Portugal's Prime Minister and Socialist Party (PS) candidate Antonio Costa meets supporters as part of the last day of campaigning ahead of Portugal's general election, at downtown Lisbon, Portugal October 4, 2019. REUTERS/Rafael Marchante Portugal's Prime Minister and Socialist Party (PS) candidate Antonio Costa meets supporters as part of the last day of campaigning ahead of Portugal's general election, at downtown Lisbon, Portugal October 4, 2019. REUTERS/Rafael Marchante

Portugal’s centre-left Socialists are expected to retain power and win more parliament seats in general elections on Sunday, after four years of economic growth, but still fall short of an outright majority.

If opinion polls hold true, Prime Minister Antonio Costa, the Socialists’ leader, will win the election with between 36.5 per cent and 38.8 per cent of the vote but will have little option but to ask other parties for support.

“The main question is whether we’ll have our hands tied,” Costa said during a campaign rally on Friday. “We need to have the strength to guarantee four years of stability and not be a short-term government.”

When the Socialists took power in 2015, Costa won the parliamentary support of two far-left, Euroskeptic parties, the Left Bloc and the Communists.

But, four years on, the love affair has waned. The hard left is demanding more public spending and has accused Costa of veering to the right.

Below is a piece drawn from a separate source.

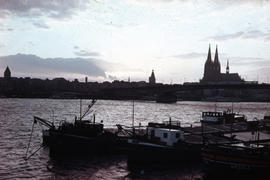 Photograph of the evening atmosphere by the water, Cologne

Costa has already ruled out a formal coalition government but may try to renew his pact with one of the parties, or both, says a Reuters report.

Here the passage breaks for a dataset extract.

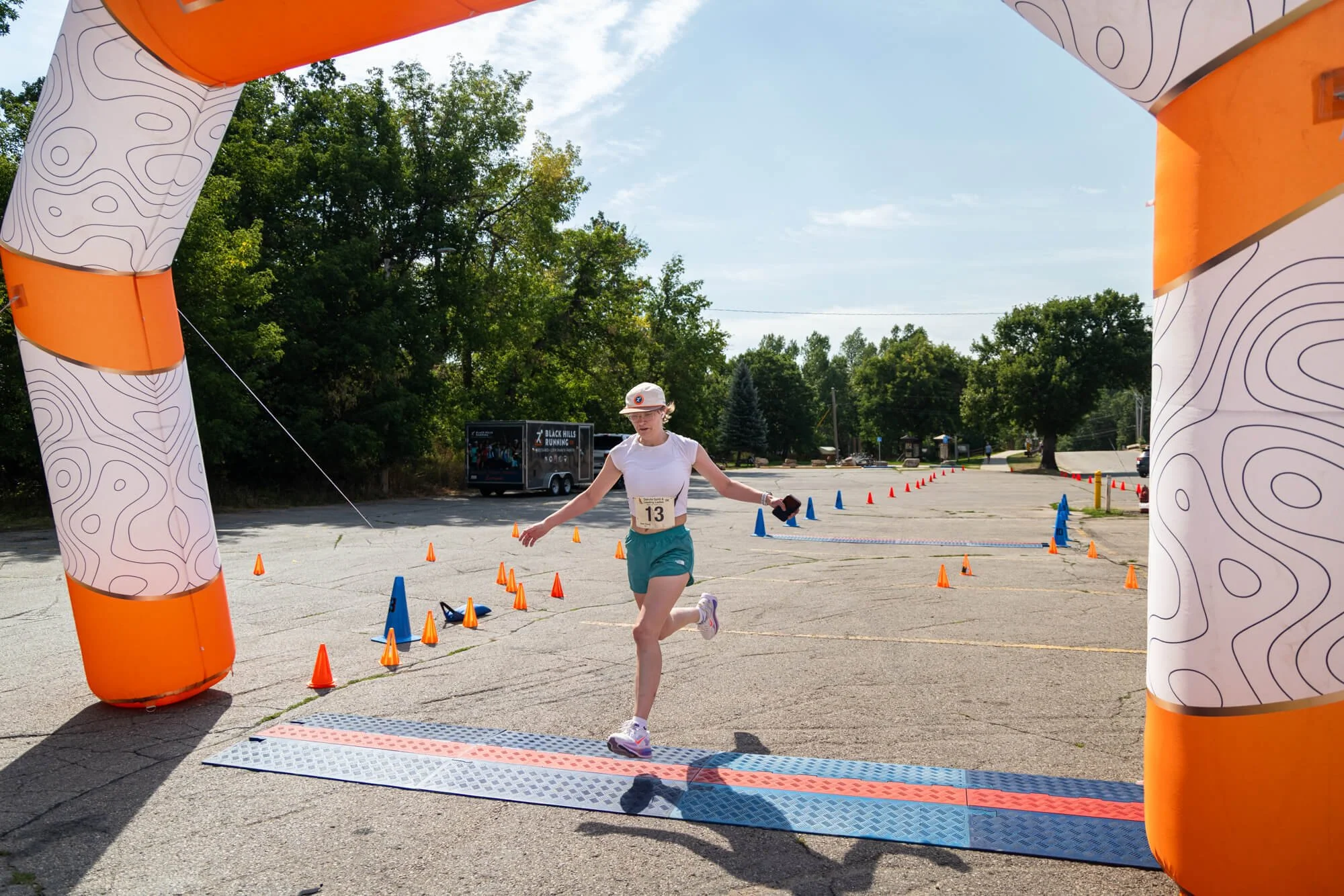 SierraHopp_LeadingLadiesMarathon-74.jpg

The main opposition Social Democrats, polling at under 30 per cent now, are expected to lose seats.

Costa’s minority government has received praise from Brussels and at home for combining fiscal discipline with measures to promote growth after recession and the austerity of Portugal’s 2010-14 debt crisis.

Portugal is expected to record its lowest budget deficit in 45 years of democratic history this year. The economy is on course to grow 1.9 per cent this year, above the EU average, helped by export growth and a booming tourism industry.

But a series of scandals, from a nepotism row to the alleged involvement of a former minister in an army cover-up of the theft of weapons from a military base, have hit the Socialists’ ratings.

During Costa’s last pre-election rally in Lisbon on Friday, shop owners shouted from the sidelines: “Shame on you!”

Since the last vote, the People-Animals-Nature party (PAN) has emerged as a potential new king-maker in parliament. PAN has said it is ready to support Costa if he commits to its environmentalist proposals, but it remains to be seen whether the party wins enough new seats.

“There is a risk things will get very divided ... I have some fear,” said 46-year-old Leticia Goncalves, who works in a Lisbon gallery.

Goncalves said the Socialists’ policies made her upbeat about the country’s future but she was worried that the party will not win a working majority.